Saved data entries:
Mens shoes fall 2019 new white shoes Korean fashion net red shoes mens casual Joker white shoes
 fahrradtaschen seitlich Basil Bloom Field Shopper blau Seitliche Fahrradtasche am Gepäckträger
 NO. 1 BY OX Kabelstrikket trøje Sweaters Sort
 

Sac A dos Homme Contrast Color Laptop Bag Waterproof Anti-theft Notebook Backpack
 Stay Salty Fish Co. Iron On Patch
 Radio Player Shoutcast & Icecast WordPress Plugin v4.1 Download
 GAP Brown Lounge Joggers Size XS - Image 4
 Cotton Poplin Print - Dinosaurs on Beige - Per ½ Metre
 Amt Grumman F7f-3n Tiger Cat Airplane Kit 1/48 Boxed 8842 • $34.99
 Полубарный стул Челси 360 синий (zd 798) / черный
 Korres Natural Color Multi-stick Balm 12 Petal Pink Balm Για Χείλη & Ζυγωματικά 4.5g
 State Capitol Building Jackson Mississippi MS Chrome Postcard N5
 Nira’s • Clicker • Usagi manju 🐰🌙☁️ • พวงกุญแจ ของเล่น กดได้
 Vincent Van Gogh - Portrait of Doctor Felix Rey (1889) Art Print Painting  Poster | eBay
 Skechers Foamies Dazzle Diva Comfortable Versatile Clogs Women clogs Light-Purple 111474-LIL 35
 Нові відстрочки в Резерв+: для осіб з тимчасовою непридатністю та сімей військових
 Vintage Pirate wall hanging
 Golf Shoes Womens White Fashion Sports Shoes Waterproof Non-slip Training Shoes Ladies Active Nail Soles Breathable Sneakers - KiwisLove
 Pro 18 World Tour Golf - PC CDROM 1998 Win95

## Work to complete
For this exercise, output the entries above exactly as written.

## Expected answer
Mens shoes fall 2019 new white shoes Korean fashion net red shoes mens casual Joker white shoes
 fahrradtaschen seitlich Basil Bloom Field Shopper blau Seitliche Fahrradtasche am Gepäckträger
 NO. 1 BY OX Kabelstrikket trøje Sweaters Sort
 

Sac A dos Homme Contrast Color Laptop Bag Waterproof Anti-theft Notebook Backpack
 Stay Salty Fish Co. Iron On Patch
 Radio Player Shoutcast & Icecast WordPress Plugin v4.1 Download
 GAP Brown Lounge Joggers Size XS - Image 4
 Cotton Poplin Print - Dinosaurs on Beige - Per ½ Metre
 Amt Grumman F7f-3n Tiger Cat Airplane Kit 1/48 Boxed 8842 • $34.99
 Полубарный стул Челси 360 синий (zd 798) / черный
 Korres Natural Color Multi-stick Balm 12 Petal Pink Balm Για Χείλη & Ζυγωματικά 4.5g
 State Capitol Building Jackson Mississippi MS Chrome Postcard N5
 Nira’s • Clicker • Usagi manju 🐰🌙☁️ • พวงกุญแจ ของเล่น กดได้
 Vincent Van Gogh - Portrait of Doctor Felix Rey (1889) Art Print Painting  Poster | eBay
 Skechers Foamies Dazzle Diva Comfortable Versatile Clogs Women clogs Light-Purple 111474-LIL 35
 Нові відстрочки в Резерв+: для осіб з тимчасовою непридатністю та сімей військових
 Vintage Pirate wall hanging
 Golf Shoes Womens White Fashion Sports Shoes Waterproof Non-slip Training Shoes Ladies Active Nail Soles Breathable Sneakers - KiwisLove
 Pro 18 World Tour Golf - PC CDROM 1998 Win95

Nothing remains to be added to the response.